TORONTO -- A 30-year-old woman, who was brought to Toronto when she was a little girl, is facing deportation to France after federal officials learned she was living in Canada without immigration status for 18 years.
Laura Emmanuelle Souchet, a samba dancer who now owns her own cleaning business, said she came to Canada with her mother at the age of 12 to take care of her grandmother, who suffered a severe stroke.
UPDATED: Government stops deportation of woman living in Canada for 18 years without status
She told CTV News Toronto that in 2002, an immigration consultant told them if they wanted to stay in Canada, they would need to apply as refugees, a notion that even puzzled Souchet as a young girl seeing as France was a safe country.
The advice was given to the family at a time when immigration consultants were not regulated in Canada. The Immigration, Refugees and Citizenship Canada began regulating immigration consultants in 2011.
But the family trusted the consultant to know the Canadian system better than they did, and they handed over their payment, Souchet said. When the application was rejected and a deportation order was issued, the consultant advised them to go under the federal government's radar and wait for amnesty.
“I was hoping [it would work out], but I realized she was feeding me a dream that wasn’t a reality,” Souchet said on Thursday. “She was charming and convincing as if she had our best interest at heart … I was later told that she’s known for doing this kind of stuff.”
For 18 years since then, Souchet said she has lived in fear, scared that at any moment officers with the Canada Border Services Agency would come to her home, and tear her away from her friends and the life she built here in Canada.
She said that even in situations when she has felt afraid for her safety, she has not contacted police due to her fear.
“It was like living with a ton of bricks on your shoulder for 18 years,” she said.
This past November, she decided that she needed to find help. She contacted a well-known Toronto lawyer, Graciela Flores Mendez, who took up her case, and helped her apply for permanent residency on humanitarian and compassionate grounds.

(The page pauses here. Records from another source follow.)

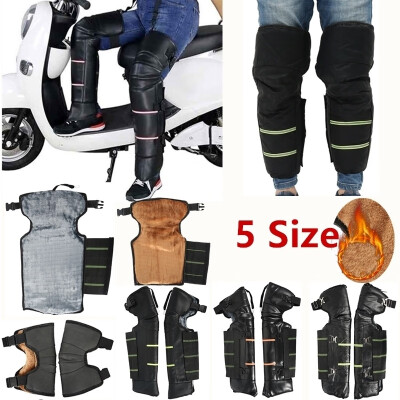 

Motorcycle Electric Windshield To Protect Thick Warm Knee Pads Winter Cold Windproof Rider PU Leather Knee Pads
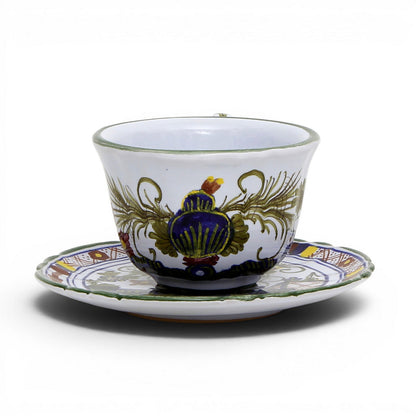 FAENZA-CARNATION: Coffee Tea Cup and Saucer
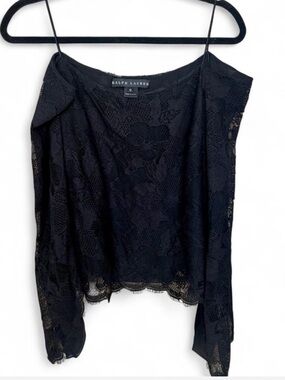 Ralph Lauren Gold Label Black Lace Camisole with Scalloped Hem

Her application listed her address, and she said that last week officers with CBSA came to her home, detained her for two days and then on Wednesday gave her a deportation order for Saturday.
“I feel like my biggest fear has come true, I was trying to do the right thing and it might cost me my life in Canada,” she said. “Imagine living here since 12 and then someone coming and telling you that you have to leave, ripping you from your country, Canada is my country, in France I have nothing.”
Mendez, a lawyer with Jackman Nazami and Associates in Toronto, said a judge will hear her client’s case on Friday in federal court at 9:30 a.m.
Mendez said they will try to have the deportation suspended so a decision can be made on the humanitarian and compassionate application.
“It’s a very tragic case and stands against everything Canada is supposed to stand for ... she is making what is supposed to be the so-called proper way to do things and is being punished for it,” she said.
CTV News Toronto reached out to CBSA for comment, but has not received a response yet.
Souchet completed public school in Toronto, but when she was accepted into university, she was unable to attend because she did not have a SIN card and other ID necessary to study at the institution.
She said at the age of 18, she started a cleaning business and paid taxes to the Canadian government using an individual tax number, which allows non-residents to contribute to the Canada Revenue Agency.
“I wanted to do the right thing, I wanted to give back,” Souchet said. “My only dream ever since I was a child, my only wish was to become a Canadian citizen, who I am as a person is Canadian.”
She said resettling in France would be very difficult because of her lack of formal French education and employment experience there.
She said images of the immigration consultant still haunt her some days, the blond-haired woman sitting behind a desk. “It’s a memory I could never get out of my mind,” she said.